Warm, pleasant weather is associated with golfing and playing baseball, but in Minnesota that isn’t a luxury that the coaches can promise to incoming recruits.
Instead, coaches like head baseball coach John Anderson said he gets to deliver a little different message.
“Do you want to put your snow boots on and walk around here, or do you want to go to the ocean?” Anderson joked.
Minnesota Director of Golf Brad James had similar feelings when he joked that recruiting is “finding someone that is interested.”
The struggles that both programs face when competing to get the top talent with warm weather programs however has not prevented either program from being successful.
The Minnesota men’s golf team is one of the top programs in the nation. They won a National Championship in 2002 and are one of only five programs to have two top-five NCAA finishes in the last five years.
Gophers’ baseball is no slouch either.
Minnesota has advanced to the NCAA Regionals six of the last nine years and has been in a record six-straight Big Ten Tournament Championship games.
Put together, the two programs are one of the more formidable warm-season duos in the country.
But the success of both programs does not come without the hard work of recruiting and developing the recruits who are on these successful teams.
The type of athlete that the Minnesota men’s golf program attempts to get is the “diamond in rough, the local kid or the kid that really wants to be good,” James said.
This strategy allows for walk-ons to be an integral part of the Gophers’ golf program as well as a large influx of international players. Currently there are seven international players on the roster.
Walk-ons are invited to camps where James and the coaching staff can get to see what they are like on the course. It gives James and his staff time to see what type of player the young athlete could become.
The real sign for James to see whether a walk-on has potential is if he takes ownership in the process of becoming a Division I golfer, he said.
But the struggle of getting golfers to come to Minnesota does not prevent James from doing what any other coach would do when recruiting.
“I try and set my sights on the best players I can find,” James said.
Anderson faces just as many challenges in recruiting.
He has one not-so-secret weapon, though, in helping recruits get over Minnesota where the Gophers do not have the same beautiful playing season as a Southern school, and it comes in the shape of a dome.
The Metrodome is huge for the success of the Gophers baseball program, Anderson said.
It allows for Minnesota to have many home games, get into normal practice routines, host tournaments with teams outside the Big Ten and most importantly keep kids in the state who might have otherwise left to play at a warm-weather school, Anderson said.
Hosting tournaments with quality non-Big Ten teams gives the Gophers a chance to help their R.P.I. ranking, which is extremely important in seeding for the NCAA Tournament.
Keeping the top high school baseball talent is essential to Minnesota’s success.
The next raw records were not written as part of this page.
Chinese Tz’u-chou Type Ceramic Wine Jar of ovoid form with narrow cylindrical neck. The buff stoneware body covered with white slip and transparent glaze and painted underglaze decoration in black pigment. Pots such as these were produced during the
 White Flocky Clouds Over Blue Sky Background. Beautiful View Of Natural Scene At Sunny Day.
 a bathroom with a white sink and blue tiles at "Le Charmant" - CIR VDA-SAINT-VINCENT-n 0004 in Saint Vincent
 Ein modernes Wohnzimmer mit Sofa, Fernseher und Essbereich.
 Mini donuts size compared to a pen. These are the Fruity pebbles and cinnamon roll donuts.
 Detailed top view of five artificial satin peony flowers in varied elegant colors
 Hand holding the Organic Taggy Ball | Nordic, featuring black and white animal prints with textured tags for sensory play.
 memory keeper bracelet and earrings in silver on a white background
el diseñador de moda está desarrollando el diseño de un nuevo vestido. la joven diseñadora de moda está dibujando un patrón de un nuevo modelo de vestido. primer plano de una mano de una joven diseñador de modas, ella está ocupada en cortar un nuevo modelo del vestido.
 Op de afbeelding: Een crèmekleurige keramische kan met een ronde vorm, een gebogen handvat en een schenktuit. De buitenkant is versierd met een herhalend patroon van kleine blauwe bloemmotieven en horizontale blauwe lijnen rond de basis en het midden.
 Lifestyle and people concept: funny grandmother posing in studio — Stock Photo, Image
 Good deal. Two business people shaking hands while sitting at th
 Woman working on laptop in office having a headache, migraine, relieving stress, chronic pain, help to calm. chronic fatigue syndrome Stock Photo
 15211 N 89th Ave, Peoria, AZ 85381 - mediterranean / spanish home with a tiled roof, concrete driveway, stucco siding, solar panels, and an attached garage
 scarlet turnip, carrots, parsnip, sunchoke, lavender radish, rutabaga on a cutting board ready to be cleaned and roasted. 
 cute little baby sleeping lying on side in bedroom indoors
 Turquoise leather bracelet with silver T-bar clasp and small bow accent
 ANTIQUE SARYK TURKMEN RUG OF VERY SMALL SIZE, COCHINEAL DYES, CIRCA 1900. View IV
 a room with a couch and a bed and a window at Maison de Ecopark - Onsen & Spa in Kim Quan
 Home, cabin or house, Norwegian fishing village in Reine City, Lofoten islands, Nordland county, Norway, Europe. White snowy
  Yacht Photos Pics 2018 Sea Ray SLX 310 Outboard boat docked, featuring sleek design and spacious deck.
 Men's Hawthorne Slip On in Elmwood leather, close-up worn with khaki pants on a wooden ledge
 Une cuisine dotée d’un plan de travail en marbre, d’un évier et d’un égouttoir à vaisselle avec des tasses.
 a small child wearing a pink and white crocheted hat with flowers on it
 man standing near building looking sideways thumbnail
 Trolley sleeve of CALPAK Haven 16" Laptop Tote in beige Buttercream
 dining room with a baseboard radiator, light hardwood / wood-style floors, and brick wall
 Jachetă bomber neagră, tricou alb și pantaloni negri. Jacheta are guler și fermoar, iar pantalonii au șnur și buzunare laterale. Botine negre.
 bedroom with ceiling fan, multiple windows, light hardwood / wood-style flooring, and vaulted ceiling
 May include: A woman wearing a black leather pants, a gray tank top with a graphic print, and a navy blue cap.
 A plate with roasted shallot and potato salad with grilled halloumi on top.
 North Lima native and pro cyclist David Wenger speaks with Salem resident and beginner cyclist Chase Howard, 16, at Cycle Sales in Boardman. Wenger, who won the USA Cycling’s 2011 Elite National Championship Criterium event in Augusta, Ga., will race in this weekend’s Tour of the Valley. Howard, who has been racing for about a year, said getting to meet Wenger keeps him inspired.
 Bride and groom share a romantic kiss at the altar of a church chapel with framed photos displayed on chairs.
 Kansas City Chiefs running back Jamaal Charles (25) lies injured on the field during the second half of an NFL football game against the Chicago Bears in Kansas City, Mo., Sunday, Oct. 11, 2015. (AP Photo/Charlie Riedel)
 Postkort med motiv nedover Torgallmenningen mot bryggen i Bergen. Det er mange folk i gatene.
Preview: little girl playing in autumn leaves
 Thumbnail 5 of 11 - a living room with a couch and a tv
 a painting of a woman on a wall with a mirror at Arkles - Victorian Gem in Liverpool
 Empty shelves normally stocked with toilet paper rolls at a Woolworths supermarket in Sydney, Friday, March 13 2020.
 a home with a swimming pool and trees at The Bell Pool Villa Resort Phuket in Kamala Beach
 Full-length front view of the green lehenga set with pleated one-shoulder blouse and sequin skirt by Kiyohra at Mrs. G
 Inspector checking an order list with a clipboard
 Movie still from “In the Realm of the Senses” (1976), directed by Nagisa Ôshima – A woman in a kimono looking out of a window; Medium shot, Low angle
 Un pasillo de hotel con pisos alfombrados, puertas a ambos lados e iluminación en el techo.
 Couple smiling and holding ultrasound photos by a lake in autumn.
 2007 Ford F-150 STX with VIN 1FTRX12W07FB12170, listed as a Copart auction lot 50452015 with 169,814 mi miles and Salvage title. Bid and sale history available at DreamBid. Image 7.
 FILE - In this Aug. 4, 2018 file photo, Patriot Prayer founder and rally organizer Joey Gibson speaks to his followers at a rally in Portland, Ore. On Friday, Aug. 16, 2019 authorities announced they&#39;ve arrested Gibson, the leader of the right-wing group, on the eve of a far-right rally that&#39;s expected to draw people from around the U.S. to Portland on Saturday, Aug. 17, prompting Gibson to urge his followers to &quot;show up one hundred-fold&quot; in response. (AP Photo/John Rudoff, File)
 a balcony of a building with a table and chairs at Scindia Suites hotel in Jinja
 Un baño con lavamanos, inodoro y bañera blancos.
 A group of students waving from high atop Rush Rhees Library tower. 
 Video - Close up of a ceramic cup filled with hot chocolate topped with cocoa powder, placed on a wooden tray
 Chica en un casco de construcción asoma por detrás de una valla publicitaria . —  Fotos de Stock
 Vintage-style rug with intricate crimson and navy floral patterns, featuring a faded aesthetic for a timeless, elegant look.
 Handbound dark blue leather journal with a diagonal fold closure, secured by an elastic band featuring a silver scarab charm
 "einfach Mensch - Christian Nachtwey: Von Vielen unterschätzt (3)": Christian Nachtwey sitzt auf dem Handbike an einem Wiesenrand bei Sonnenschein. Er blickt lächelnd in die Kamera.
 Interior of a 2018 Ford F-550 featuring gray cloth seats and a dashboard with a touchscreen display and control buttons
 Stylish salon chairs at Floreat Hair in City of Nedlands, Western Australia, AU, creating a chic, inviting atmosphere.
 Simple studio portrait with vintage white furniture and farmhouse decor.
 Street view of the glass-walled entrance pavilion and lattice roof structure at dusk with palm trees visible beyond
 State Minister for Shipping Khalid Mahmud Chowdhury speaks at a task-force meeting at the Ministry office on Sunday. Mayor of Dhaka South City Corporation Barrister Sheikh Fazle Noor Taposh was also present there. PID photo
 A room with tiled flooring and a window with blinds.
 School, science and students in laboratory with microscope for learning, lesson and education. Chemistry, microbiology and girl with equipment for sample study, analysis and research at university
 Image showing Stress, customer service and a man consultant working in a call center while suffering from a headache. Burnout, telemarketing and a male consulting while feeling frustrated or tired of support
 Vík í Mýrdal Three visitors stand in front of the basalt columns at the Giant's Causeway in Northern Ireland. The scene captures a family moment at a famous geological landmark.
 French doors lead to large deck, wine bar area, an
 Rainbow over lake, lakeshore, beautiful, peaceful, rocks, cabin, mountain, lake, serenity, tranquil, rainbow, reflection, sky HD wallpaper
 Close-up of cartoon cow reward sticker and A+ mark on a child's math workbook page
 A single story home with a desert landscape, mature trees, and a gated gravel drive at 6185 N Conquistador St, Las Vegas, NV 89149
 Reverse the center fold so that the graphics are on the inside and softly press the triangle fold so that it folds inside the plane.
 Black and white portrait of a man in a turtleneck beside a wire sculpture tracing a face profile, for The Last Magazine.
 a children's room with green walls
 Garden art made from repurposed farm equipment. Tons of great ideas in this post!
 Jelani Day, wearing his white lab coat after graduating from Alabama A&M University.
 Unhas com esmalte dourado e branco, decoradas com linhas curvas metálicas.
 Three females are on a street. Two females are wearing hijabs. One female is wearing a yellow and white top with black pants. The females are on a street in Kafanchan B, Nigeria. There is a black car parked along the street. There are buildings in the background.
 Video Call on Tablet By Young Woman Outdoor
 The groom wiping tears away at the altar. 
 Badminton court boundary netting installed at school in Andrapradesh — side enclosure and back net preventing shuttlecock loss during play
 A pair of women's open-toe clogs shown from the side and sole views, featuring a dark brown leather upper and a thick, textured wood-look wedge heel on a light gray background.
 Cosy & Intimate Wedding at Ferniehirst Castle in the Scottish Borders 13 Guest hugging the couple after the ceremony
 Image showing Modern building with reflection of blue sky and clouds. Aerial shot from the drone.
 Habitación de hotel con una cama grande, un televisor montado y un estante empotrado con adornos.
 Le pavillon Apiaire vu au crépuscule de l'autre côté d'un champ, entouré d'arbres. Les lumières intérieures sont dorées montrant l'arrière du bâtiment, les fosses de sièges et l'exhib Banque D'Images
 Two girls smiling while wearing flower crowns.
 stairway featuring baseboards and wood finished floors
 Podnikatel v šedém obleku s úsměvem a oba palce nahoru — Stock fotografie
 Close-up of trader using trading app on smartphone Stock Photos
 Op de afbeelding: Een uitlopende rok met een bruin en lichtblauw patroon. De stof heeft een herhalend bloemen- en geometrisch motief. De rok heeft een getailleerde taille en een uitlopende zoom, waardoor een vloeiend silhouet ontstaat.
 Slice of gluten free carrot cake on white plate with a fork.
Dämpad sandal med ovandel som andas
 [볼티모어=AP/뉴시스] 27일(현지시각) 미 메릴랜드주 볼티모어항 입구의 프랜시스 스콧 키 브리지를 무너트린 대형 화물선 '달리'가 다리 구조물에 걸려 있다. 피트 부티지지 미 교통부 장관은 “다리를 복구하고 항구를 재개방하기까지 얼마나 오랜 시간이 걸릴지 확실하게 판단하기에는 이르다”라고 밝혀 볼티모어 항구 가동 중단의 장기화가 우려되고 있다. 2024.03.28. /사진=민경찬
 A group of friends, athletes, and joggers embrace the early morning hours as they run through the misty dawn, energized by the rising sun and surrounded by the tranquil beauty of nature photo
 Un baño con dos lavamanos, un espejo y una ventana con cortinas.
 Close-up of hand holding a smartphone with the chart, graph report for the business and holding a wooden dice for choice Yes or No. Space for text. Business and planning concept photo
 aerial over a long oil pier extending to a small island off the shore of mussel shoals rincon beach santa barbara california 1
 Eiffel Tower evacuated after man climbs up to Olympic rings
Anderson said that he and his staff believe the athletes in the state are good enough to help the Gophers compete nationally, so keeping them is vital.
The most important thing for the Gophers, however, has been the development of the players Minnesota does get.
“If we have been good at anything it’s been getting good athletes and making them better,” Anderson said.
Examples of these players are junior outfielder Matt Nohelty and former pitcher Bill Johnson.
They were two athletes fit the mold of how Anderson likes to see players mature.
They both were redshirted their first years, but as they gained playing experience they became key members of the Gophers squad.
Johnson was named team pitcher of the year after his senior season. Nohelty was named First-Team All-Big Ten after his sophomore year.
These types of accomplishments from athletes were not highly regarded prospects demonstrates to potential recruits what is possible by coming through the Minnesota program, Anderson said.
“Study the history,” he said. “We have done a good job with our players and the incoming players see that.”